[Your objective]
As soon as the line containing "2020 Map of Sikes Dam, 2020 Print" appears, copy it and every following line word for word until the records end.

[Available data]
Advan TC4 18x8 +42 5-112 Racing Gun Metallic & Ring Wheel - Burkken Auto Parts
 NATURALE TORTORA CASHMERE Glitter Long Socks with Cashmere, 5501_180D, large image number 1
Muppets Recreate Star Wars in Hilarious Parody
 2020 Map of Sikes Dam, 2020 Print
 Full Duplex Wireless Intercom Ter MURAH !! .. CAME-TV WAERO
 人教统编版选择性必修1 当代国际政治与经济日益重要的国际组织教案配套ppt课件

[Response area]
 2020 Map of Sikes Dam, 2020 Print
 Full Duplex Wireless Intercom Ter MURAH !! .. CAME-TV WAERO
 人教统编版选择性必修1 当代国际政治与经济日益重要的国际组织教案配套ppt课件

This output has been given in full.